Former finance minister Pravin Gordhan has criticised those sitting on the fence and allowing state capture to continue crippling the country’s economy.
Gordhan was giving a speech during a University of Johannesburg lecture on radical economic transformation and white monopoly capital on Wednesday.
“We have too many fence sitters at the moment in all organisations,” he said.
Gordhan made an appeal to all South Africans to stand against state capture in spite of ambitions to make small government deals or tenders.
He cautioned that should South Africans allow the rot that is state capture to continue, “we are going to slump into a 10-year disaster”.
He said it will take the economy years to recover from state capture.
“It’s going to take us five to ten years to recover from the disaster we are heading towards.
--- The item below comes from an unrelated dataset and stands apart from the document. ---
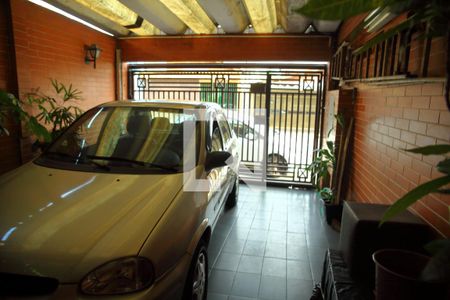 Garagem de casa à venda com 2 quartos, 173m² em Vila Planalto, São Bernardo do Campo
It’s very important that as South Africans we do not only become informed, but we become actively involved,” he added.
Gordhan commended intellectuals and civil society for exposing state capture, saying that they allowed the country to understand it and be informed.
Gordhan and several ministers, including his former deputy Mcebisi Jonas, were ousted by President Jacob Zuma during a late night Cabinet reshuffle at the end of March.
He has since spoken out against state capture and Zuma’s close associates, the Guptas.
Wits University business school senior lecturer Lumkile Mondi said there was a silent coup that was taking over the state.
“What is very important for all of you here is to understand there is a silent coup. Our state is being looted for private enrichment.”
He encouraged those in attendance to start lobbying their MPs to make a decision and vote with their conscience on August 8, during the vote of no confidence against Zuma.
Jonas said the country was a capital for corruption and state capture, adding that state-owned enterprises were being used to launder money and for racketeering.
He said that most SOEs are at the centre of money racketeering.
“South Africa is facing its defining moment both politically and economically… We are increasingly becoming a capital of corruption and state capture,” he said.
The speeches by the economic gurus were however met with mixed emotions by attendees and students.
Some students shouted that Gordhan and Jonas were sell-outs. During the question and answer session, students dressed in EFF colours and some holding ANC flags sang songs directed at Gordhan, asking what Zuma had done.
The students then gathered at the door of the auditorium, drowning out Gordhan while he was speaking. The lecture was then abruptly ended by the organisers.